I’ve forfeited a close relationship with my sister, a decade my junior, and I know my aging parents miss me. My wife feels similar guilt. I have friends who’ve said the same. How to quantify or describe the joys and emotional rewards of being present in the lives of loved ones? I wouldn’t know; I’ve chosen not to experience it.

Earlier this month, as my wife and I wrapped up our lives in Bangkok, I asked her broadly whether it’s a good thing or a bad thing to always be moving. She said it’s a bad thing, as her eyes welled at the thought of the clients she entrusted to the care of others (she works in legal aid). So why do we go? What do we gain? She said something to the effect of, “Because it expands us.”

Neither she nor I could figure out exactly what that means, to be expanded. To have our horizons broadened. I went hunting for writing on the topic.

Emerson

The best answer I found comes from an essay by Ralph Waldo Emerson called “Compensation.” Emerson didn’t believe the scripture teaching that the first would be last and the last would be first on Judgment Day. He believed the universe balances things right here on earth, through the constant changes happening around us and within us.

But most people don’t see change as a good thing. Especially when the change is bad, like the death of a loved one or a financial downturn, we fight it. “We are idolators of the old,” Emerson says. And so when the change inevitably comes, it seems abrupt. It hurts.

What we ought to do is let our “worldly relations hang very loosely” around us. If we invite changes — instead of closing ourselves to them — then we allow ourselves to be swept up in their daily inevitability. We prime ourselves for new ideas and new friends. Most importantly, we become bearers of ideas for others. We are someone’s new friend.

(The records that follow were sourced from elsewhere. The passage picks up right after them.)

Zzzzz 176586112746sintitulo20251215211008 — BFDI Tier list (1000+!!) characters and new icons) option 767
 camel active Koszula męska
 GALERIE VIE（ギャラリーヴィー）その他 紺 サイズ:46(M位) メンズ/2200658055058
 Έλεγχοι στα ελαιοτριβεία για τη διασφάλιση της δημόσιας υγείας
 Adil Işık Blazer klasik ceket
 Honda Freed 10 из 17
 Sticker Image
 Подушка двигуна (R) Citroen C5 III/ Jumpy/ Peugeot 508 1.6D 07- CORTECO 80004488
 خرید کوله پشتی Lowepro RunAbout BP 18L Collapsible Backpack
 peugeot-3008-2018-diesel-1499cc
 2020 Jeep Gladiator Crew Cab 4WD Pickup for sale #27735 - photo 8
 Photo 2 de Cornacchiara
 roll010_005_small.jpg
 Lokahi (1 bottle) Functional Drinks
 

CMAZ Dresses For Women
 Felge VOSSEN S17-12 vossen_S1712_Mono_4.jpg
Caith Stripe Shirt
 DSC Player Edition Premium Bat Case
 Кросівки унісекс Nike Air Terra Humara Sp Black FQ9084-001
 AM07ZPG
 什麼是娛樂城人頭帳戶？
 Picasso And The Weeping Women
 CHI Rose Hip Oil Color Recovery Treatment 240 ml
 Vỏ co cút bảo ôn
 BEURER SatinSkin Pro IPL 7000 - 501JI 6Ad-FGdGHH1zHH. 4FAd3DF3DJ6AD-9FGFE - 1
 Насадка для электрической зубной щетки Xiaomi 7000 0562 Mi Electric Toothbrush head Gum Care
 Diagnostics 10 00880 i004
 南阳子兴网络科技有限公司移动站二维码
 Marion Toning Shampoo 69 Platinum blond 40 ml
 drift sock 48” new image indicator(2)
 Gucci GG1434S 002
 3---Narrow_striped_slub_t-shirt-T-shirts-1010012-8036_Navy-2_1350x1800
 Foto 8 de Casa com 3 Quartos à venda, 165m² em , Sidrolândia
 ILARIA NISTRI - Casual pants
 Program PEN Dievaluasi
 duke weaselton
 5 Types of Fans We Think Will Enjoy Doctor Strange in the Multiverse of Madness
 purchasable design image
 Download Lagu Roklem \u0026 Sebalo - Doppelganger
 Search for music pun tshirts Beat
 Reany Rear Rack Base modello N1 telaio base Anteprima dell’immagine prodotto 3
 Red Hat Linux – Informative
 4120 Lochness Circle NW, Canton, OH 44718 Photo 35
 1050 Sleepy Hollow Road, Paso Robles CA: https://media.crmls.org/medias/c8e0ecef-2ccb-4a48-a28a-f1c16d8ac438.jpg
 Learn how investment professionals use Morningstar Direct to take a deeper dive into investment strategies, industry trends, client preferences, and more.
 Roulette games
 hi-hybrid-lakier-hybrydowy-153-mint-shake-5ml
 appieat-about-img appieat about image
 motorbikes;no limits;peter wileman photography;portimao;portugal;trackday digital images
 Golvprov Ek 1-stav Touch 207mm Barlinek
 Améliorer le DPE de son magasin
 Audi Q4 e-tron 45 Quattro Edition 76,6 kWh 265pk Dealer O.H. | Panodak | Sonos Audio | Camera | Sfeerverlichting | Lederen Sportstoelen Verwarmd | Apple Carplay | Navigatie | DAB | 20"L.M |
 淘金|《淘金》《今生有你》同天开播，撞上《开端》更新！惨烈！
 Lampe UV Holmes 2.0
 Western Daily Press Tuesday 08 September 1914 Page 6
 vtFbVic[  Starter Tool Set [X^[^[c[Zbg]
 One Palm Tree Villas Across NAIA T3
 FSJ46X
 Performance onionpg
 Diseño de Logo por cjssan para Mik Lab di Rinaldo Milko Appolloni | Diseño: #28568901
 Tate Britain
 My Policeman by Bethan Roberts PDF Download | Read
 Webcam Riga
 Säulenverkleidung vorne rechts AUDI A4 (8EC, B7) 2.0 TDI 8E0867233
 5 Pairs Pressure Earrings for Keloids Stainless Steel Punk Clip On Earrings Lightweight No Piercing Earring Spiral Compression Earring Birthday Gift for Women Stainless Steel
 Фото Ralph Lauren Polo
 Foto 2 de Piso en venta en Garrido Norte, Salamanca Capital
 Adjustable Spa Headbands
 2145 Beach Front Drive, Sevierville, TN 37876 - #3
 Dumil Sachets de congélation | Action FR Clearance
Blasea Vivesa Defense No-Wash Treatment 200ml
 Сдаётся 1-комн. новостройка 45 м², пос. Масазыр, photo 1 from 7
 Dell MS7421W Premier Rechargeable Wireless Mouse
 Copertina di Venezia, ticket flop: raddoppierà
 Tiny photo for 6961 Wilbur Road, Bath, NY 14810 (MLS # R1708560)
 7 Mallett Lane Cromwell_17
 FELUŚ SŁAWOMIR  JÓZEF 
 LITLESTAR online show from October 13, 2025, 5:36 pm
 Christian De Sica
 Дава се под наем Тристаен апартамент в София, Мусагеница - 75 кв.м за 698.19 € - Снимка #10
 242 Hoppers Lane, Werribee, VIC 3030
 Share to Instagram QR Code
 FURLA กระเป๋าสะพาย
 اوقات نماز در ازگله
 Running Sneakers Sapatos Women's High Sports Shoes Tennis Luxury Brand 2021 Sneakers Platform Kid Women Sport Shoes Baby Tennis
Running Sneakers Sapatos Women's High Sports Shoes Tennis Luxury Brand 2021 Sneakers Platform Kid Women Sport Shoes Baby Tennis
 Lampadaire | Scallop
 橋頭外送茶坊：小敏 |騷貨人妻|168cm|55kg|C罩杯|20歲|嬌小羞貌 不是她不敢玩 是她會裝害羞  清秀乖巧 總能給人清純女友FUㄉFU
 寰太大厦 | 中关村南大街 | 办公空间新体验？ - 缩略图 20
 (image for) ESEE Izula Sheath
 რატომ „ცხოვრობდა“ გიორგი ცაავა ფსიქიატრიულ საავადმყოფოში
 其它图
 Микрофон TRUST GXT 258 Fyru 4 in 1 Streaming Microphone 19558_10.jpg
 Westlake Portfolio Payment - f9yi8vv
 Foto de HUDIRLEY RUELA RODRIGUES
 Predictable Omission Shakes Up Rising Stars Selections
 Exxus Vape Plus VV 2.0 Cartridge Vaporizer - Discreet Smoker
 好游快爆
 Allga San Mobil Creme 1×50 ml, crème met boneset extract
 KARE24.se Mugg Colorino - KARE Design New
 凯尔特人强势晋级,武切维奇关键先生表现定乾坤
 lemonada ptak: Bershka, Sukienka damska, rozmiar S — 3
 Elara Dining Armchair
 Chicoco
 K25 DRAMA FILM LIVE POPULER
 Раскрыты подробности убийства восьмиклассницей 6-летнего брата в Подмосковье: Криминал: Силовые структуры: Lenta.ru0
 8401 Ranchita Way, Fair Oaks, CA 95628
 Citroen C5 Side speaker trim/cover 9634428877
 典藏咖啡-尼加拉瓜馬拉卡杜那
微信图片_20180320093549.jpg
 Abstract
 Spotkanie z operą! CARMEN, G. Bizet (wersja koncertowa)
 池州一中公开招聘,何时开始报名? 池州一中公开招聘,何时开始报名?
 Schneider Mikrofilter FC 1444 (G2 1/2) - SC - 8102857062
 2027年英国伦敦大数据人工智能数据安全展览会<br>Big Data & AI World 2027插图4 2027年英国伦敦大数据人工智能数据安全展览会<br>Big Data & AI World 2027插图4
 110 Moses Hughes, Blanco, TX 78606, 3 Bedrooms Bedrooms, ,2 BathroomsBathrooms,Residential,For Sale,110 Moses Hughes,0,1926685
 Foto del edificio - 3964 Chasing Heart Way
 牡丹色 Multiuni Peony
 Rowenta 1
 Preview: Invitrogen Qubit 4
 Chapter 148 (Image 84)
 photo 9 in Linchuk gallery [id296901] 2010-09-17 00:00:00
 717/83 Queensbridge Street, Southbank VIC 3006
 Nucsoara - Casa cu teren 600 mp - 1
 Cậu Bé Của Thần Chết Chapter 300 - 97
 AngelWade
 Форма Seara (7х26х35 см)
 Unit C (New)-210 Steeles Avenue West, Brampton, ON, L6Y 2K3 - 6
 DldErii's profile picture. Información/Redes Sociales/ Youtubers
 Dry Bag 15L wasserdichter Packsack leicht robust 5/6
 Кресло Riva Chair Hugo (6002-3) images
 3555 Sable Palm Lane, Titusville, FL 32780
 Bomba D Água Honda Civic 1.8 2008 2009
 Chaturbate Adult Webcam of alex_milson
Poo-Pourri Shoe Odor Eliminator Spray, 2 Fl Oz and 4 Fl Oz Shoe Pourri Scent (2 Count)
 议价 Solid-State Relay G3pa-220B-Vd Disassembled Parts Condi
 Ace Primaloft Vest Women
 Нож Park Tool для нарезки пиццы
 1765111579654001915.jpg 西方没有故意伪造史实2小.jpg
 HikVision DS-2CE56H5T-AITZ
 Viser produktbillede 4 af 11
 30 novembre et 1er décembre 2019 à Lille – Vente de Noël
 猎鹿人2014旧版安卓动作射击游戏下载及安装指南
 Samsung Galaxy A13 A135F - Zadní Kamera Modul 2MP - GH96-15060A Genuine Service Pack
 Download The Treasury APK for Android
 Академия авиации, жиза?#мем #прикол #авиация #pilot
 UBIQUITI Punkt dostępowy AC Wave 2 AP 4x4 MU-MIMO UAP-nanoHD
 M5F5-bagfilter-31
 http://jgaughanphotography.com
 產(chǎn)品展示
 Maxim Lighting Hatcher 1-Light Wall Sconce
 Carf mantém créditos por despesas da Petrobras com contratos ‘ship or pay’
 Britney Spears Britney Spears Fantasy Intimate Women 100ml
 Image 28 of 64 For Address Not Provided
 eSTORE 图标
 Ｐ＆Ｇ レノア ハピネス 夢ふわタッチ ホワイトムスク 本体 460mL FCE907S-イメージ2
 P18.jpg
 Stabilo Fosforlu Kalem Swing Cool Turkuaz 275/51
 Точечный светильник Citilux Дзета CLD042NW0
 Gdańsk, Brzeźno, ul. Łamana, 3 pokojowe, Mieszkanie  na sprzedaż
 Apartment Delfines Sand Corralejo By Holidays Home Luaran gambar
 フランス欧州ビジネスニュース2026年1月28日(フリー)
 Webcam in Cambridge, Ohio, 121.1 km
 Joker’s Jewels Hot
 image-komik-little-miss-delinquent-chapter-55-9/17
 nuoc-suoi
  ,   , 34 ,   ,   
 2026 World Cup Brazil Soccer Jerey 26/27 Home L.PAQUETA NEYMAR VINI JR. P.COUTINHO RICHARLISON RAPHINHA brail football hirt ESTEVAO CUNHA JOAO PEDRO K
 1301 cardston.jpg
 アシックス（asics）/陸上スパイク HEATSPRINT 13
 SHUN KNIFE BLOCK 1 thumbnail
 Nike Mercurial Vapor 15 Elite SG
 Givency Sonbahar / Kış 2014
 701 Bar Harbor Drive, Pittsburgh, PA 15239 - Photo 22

In characteristic 19th-century prose, Emerson compares us to comfortable garden plants, ignorant of our potential and of the world beyond:

“The man or woman who would have remained a sunny garden-flower, with no room for its roots and too much sunshine for its head, by the falling of the walls and the neglect of the gardener, is made the banyan of the forest, yielding shade and fruit to wide neighborhoods of men.”

Ben Wolford is the editor of Latterly magazine, an independent publisher of international journalism.

*I suppose there’s a difference between restlessness and actual mobility. As a friend just pointed out, Millennials are the least mobile generation in the last 50 years because of the Great Recession, the Associated Press reported in 2013.